# American Music Awards 2010 Die Gewinner



## Mandalorianer (22 Nov. 2010)

*
American Music Awards 2010 Das sind die Gewinner!
Justin Biber räumt richtig ab*​
Gestern war es wieder so weit: In Los Angeles wurden zum 38. Mal die „American Music Awards verliehen“. Zur Überraschung aller wurde der Kleinste zum Abräumer des Abends. Insgesamt vier Awards sahnte Justin Bieber (16) ab. Top-Favoriten wie Eminem (38), Lady GaGa (24) und Katy Perry (26) wurden von dem Teenie-Star ganz schön in den Schatten gestellt. Denn Bieber gewann den wahrscheinlich begehrtesten Preis in der Kategorie „Künstler des Jahres“ und ging damit als jüngster Gewinner in die AMA-Geschichte ein. „Ich kann nicht aufhören zu grinsen, es ist fantastisch. Ich weiß echt nicht, wie das sein kann. Ich singe Eminem nach, seit ich drei bin, und Usher ist mein Mentor. Das ist riesig“, bedankte er sich.

Auch Stars wie Miley Cyrus (17), Kate Perry und Rihanna (22) legten einen atemberaubenden Auftritt hin und performten ihre aktuellen Hits. Zur Verwunderung aller musste sich Lady GaGa, die Abräumerin der MTV Europe Music Award dieses Jahr, mit nur einem Award als beliebteste Künstlerin zufrieden geben. Aber hier nochmal alle Gewinner im Überblick:

Künstler des Jahres: Justin Bieber
Durchbruch des Jahres: Justin Bieber

*Rock/Pop*
Beliebtester Künstler: Justin Bieber
Beliebsteste Album: Justin Bieber
Beliebteste Künstlerin: Lady GaGa
Beliebteste Band: Black Eyed Peas

*Country*
Beliebtester Künstler: Brad Paisley
Beliebteste Künstlerin: Taylor Swift
Beliebteste Band: Lady Antebellum
Beliebtestes Album: Carrie Underwood -„Play on“

*Rap/HipHop*
Beliebtester Künstler: Eminem
Beliebteste Album: Eminem - „Recovery“

*Soul/R'n'B*
Beliebtester Künstler: Usher
Beliebteste Künstlerin: Rihanna
Beliebteste Album: Usher - „Raymond v. Raymond“

*Soundtracks*
Beliebteste Album: Glee - „Glee: 'The Music Volime 3 Showstoppers“

*Alternative/Rock*
Beliebtester Künstler: Muse

*Zeitgenössische Musik*
Beliebtester Künstler: Micheal Biblé

*Lateinamerikanische Musik*
Beliebteste Künstlerin: Shakira

*Zeitgenössische Inspiration*
Beliebtester Künstler: Mercy Me 

*Gruss Gollum*


----------



## Katzun (22 Nov. 2010)

hmmmm und Frau Aguilera hat nüscht gewonnen?

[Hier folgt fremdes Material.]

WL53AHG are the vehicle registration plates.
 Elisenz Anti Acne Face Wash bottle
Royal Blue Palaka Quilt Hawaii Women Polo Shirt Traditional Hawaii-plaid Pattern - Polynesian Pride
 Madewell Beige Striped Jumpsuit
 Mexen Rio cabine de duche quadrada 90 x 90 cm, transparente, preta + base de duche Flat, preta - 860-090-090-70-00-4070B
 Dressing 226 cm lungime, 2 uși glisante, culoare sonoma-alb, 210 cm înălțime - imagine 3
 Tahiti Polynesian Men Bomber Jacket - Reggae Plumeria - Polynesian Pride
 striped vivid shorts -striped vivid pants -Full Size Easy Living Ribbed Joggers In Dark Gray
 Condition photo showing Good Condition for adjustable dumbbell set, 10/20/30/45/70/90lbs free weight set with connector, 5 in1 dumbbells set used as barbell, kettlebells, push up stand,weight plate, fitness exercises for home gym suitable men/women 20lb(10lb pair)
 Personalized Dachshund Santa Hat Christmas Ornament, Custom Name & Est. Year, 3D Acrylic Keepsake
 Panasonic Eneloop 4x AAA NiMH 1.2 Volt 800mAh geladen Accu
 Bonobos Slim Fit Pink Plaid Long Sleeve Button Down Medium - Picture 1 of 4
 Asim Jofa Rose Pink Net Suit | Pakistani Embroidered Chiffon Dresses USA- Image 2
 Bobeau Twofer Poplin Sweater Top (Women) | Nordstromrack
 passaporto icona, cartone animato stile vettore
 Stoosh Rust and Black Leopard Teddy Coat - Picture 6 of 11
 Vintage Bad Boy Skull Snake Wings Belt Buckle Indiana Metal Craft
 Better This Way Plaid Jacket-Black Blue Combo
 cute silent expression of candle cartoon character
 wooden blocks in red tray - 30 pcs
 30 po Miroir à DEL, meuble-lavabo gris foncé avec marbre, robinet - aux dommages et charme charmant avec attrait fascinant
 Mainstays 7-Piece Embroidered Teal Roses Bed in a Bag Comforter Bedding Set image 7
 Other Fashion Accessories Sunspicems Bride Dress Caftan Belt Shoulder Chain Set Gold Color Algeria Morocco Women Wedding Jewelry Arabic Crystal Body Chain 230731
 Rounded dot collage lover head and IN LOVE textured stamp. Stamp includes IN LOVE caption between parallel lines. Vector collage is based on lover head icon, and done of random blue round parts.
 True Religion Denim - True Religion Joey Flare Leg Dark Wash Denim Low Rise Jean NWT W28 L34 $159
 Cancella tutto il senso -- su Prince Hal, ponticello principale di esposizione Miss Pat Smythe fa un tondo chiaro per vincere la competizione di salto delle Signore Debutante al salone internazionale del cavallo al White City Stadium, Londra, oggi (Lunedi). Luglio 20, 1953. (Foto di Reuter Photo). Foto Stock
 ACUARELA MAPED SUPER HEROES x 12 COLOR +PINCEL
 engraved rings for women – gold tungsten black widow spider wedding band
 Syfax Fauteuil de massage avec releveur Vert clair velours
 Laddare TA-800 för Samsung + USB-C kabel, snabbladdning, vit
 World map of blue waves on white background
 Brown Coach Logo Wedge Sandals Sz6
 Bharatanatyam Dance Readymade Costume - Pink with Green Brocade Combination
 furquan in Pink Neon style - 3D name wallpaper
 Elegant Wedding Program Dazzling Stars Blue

pffff, scheiß veranstaltung, ich plädiere darauf das wir den event bei uns boykottieren


----------



## Buterfly (22 Nov. 2010)

Katzun schrieb:


> hmmmm und Frau Aguilera hat nüscht gewonnen?



Hat die denn in letzter Zeit überhaupt nen Song rausgebracht? Mir ist da nichts bekannt.


----------



## Punisher (22 Nov. 2010)

Danke fürs informieren


----------



## Katzun (22 Nov. 2010)

Buterfly schrieb:


> Hat die denn in letzter Zeit überhaupt nen Song rausgebracht? Mir ist da nichts bekannt.



reicht das nicht das sie gut aussieht?:WOW:


----------



## Xtinalover (22 Nov. 2010)

Katzun schrieb:


> reicht das nicht das sie gut aussieht?:WOW:



eigentlich reicht das vollkommen.
aber nö, die süße war leider nicht mal nominiert.


----------



## M.Schmierhaus (30 Nov. 2010)

Hurensohn des Jahres: Justin Bieber glueck09


----------